L’histoire de ce petit bateau, qui portait en germe tous les éléments qu’on a perfectionnés depuis pour arriver à nos sous-marins actuels, est bien curieuse, aussi nous a-t-il paru intéressant de la rappeler d’autant plus qu’elle est peu connue ; le nom de Fulton évoque d’ailleurs un des plus grands progrès industriels et économiques accomplis au commencement du siècle dernier : l’application de la machine à vapeur à là navigation [1].
Fulton, fils d’émigrés irlandais, naquit en Pennsylvanie en 1765 ; il s’adonna d’abord au dessin et à la peinture et, pour se perfectionner dans son art, passa en Angleterre ; mais bientôt s’étant lié avec des ingénieurs, il quitta ses pinceaux afin d’étudier la mécanique. Il se fit alors connaître par diverses inventions, et s’étant fait recevoir ingénieur civil en 1796 il s’occupa plus spécialement de travaux de canalisation et vint en France pour proposer un système de plans inclinés remplaçant les écluses, système dont il avait obtenu un brevet en Angleterre.
Arrivé à Paris, il se lia avec des savants de l’Institut et des ingénieurs civils et militaires et étendit considérablement le cercle de ses idées ; il publia diverses études et, en dehors de ses travaux mécaniques, exécuta le premier tableau panoramique qui ait été exposé en France et qui eut un grand succès.
Partisan des idées de la Révolution française, il se mit à chercher les moyens d’assurer la liberté des mers pour travailler ainsi au bonheur des peuples, et, pour cela, il voulait frapper la puissance maritime de l’Angleterre qui exerçait alors partout une véritable tyrannie. Cette considération lui suggéra la première idée de son système de « Navigation et d’Explosion sous-marine) mis en pratique par la création de deux engins, la torpille et le navire sous-marin, dont il voulut doter la France pour combattre l’Angleterre.
En 1797, il fit sur la Seine des expériences d’explosion sous l’eau produite par une espèce de bombe portée sur un petit bateau dirigeable, engin qu’il appelait Torpedo, destiné à faire sauter les vaisseaux ennemis : la direction une fois donnée, le mouvement de la torpille s’opérait au moyen d’un mécanisme d’horlogerie, et, à l’aide d’une longue corde, on faisait jouer une batterie de pistolet qui mettait le feu aux poudres au moment voulu.
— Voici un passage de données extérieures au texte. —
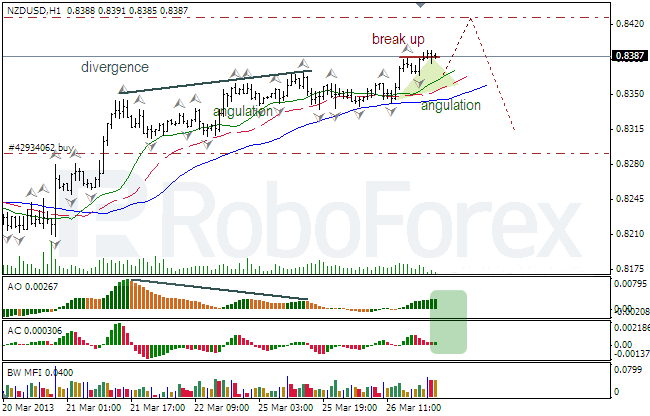 Анализ индикаторов Б. Вильямса для NZD/USD на 27.03.2013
Entre temps, il perfectionnait une sorte de bateau fermé, engin nouveau destiné à naviguer entre deux eaux pour aller surprendre et faire sauter les vaisseaux ennemis en croisière sur les côtes : cet engin devint le Nautilus, le premier sous-marin.
Fulton avait d’abord soumis les plans de son navire sous-marin au gouvernement français qui avait nommé une commission pour les examiner ; mais, malgré un rapport favorable, le ministre de la guerre s’était montré hostile à cette innovation. L’inventeur ne perdit pas courage, il construisit un petit modèle de son bateau et demanda aide et protection à Bonaparte. devenu consul ; celui-ci commit Volney, Laplace et Monge pour lui faire un rapport sur l’invention ; l’impression fut favorable, aussi une somme de 10 000 francs fut allouée à Fulton afin de poursuivre ses expériences.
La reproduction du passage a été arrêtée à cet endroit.